== WHAT TO WORK ON ==
If a record holds a picture, leave the picture out, but write out everything else exactly.

-----

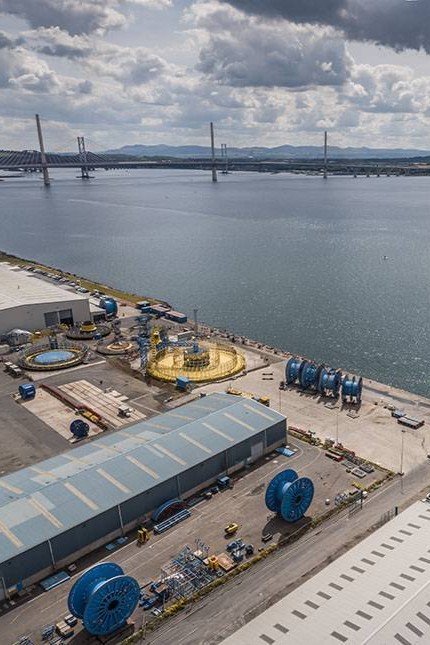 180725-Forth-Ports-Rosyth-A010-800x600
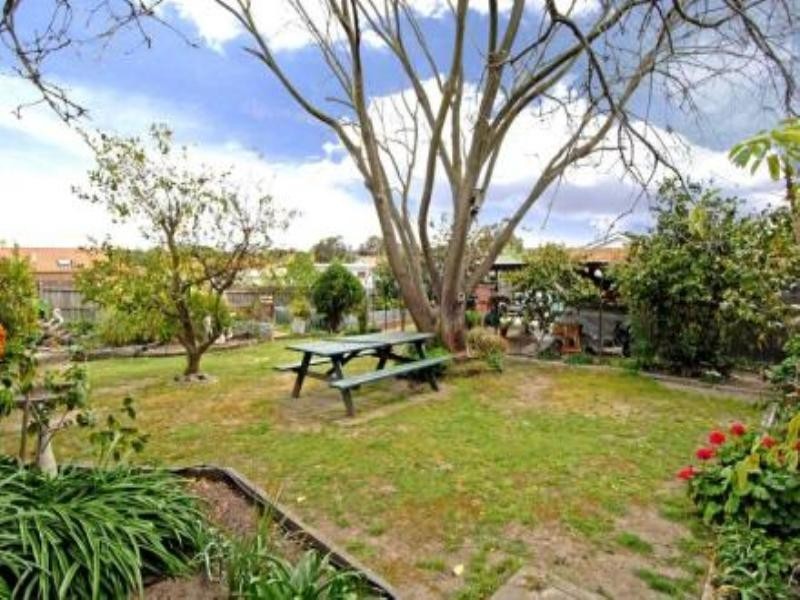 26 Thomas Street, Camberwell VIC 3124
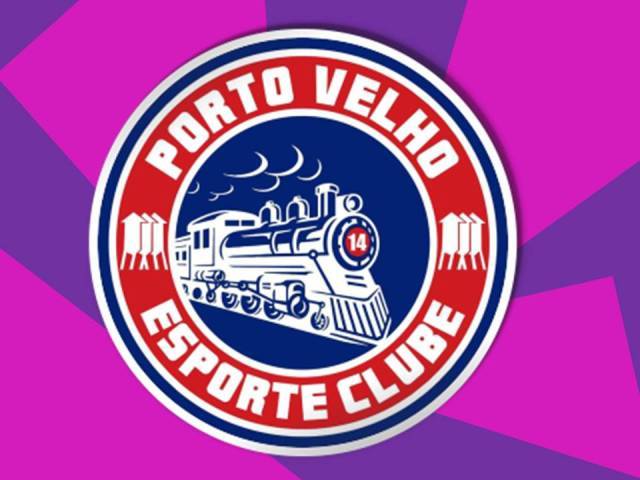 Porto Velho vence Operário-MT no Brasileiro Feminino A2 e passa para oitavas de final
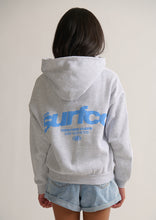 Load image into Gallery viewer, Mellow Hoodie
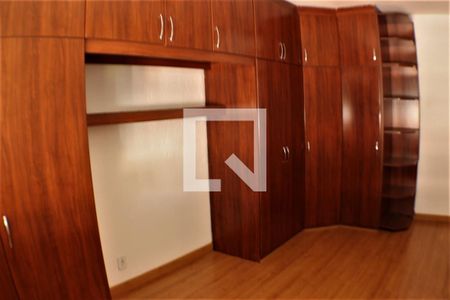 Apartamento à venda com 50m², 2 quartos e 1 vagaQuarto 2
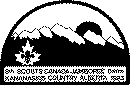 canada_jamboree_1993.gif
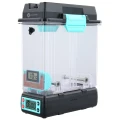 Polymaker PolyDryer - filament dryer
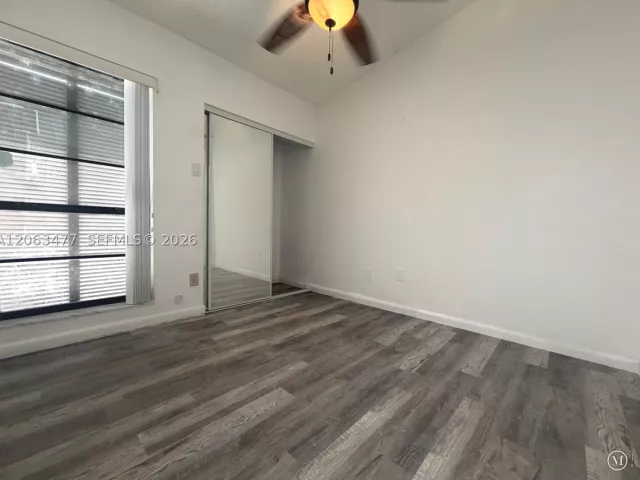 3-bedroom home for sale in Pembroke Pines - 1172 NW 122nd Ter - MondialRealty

-----

== ANSWER TO THIS EXERCISE ==
 180725-Forth-Ports-Rosyth-A010-800x600
 26 Thomas Street, Camberwell VIC 3124
 Porto Velho vence Operário-MT no Brasileiro Feminino A2 e passa para oitavas de final
 Load image into Gallery viewer, Mellow Hoodie
 Apartamento à venda com 50m², 2 quartos e 1 vagaQuarto 2
 canada_jamboree_1993.gif
 Polymaker PolyDryer - filament dryer
 3-bedroom home for sale in Pembroke Pines - 1172 NW 122nd Ter - MondialRealty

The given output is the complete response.